Extracted records START

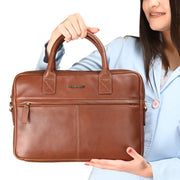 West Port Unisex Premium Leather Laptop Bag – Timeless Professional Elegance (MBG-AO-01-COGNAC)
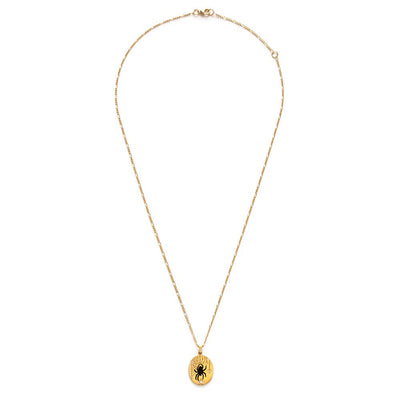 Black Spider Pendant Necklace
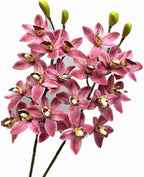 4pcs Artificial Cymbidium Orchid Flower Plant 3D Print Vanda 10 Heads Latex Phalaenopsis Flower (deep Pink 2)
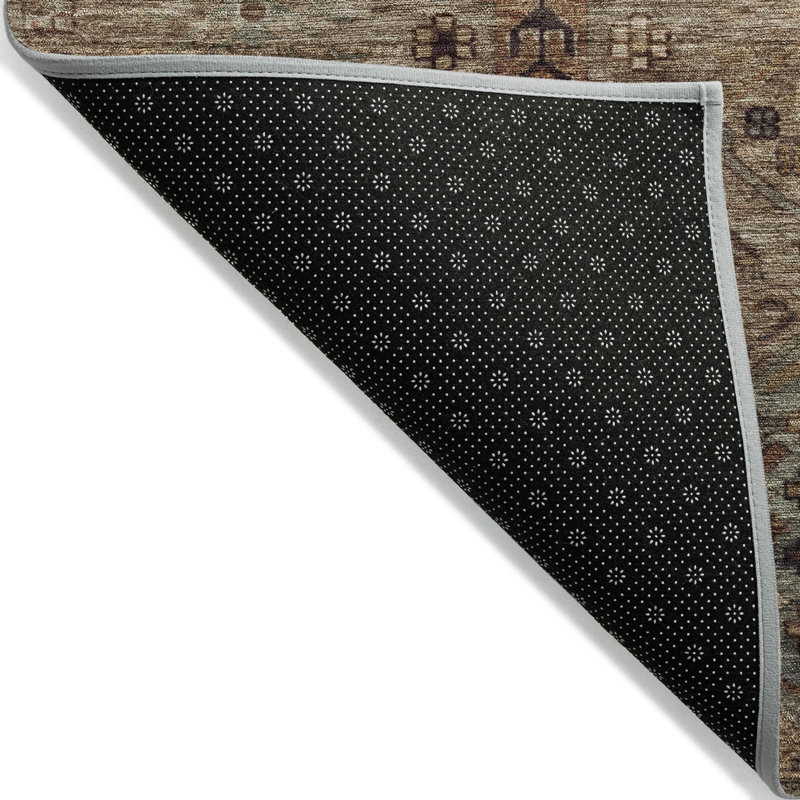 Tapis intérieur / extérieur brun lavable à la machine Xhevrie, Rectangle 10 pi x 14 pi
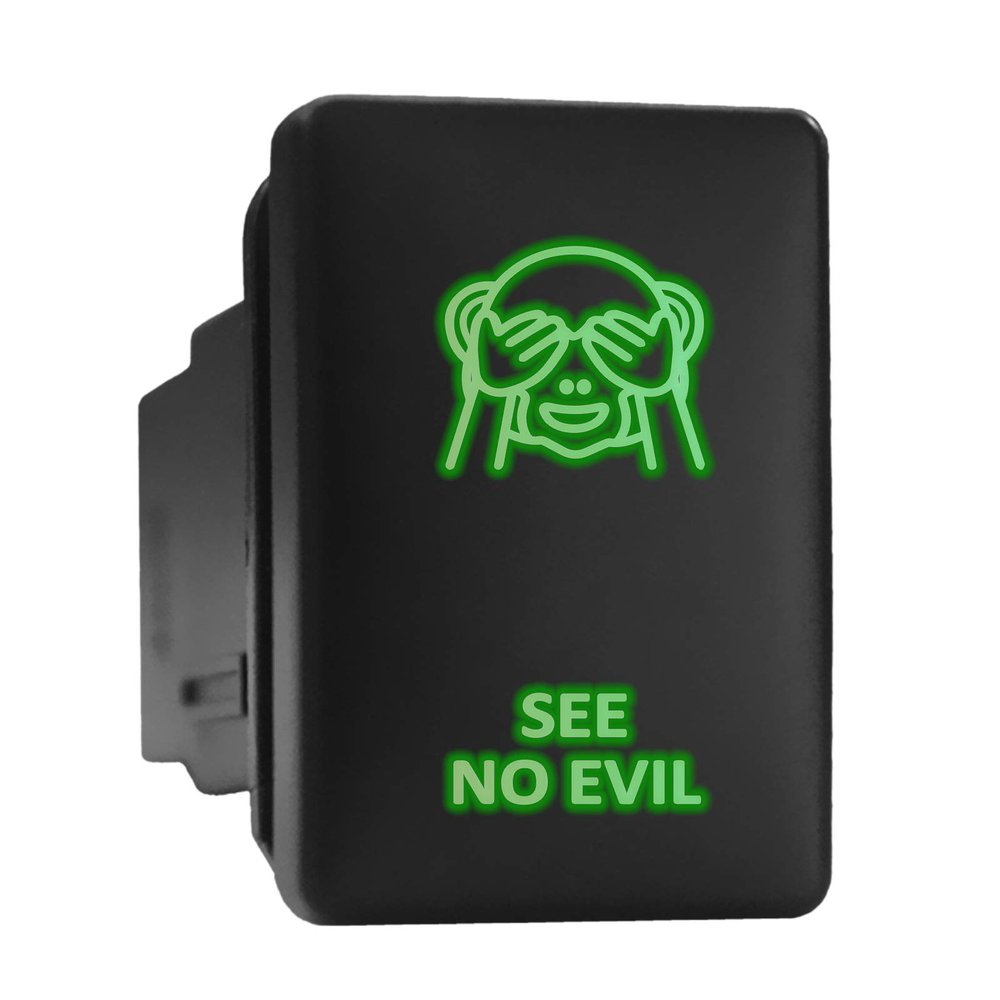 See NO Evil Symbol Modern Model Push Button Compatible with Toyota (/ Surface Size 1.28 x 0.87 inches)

Extracted records END

_What is expected_.
Word for word and without pictures, please write out only the lines from the start of the entries through the line containing "Tapis intérieur /", both included.

_The completed task_.
 West Port Unisex Premium Leather Laptop Bag – Timeless Professional Elegance (MBG-AO-01-COGNAC)
 Black Spider Pendant Necklace
 4pcs Artificial Cymbidium Orchid Flower Plant 3D Print Vanda 10 Heads Latex Phalaenopsis Flower (deep Pink 2)
 Tapis intérieur / extérieur brun lavable à la machine Xhevrie, Rectangle 10 pi x 14 pi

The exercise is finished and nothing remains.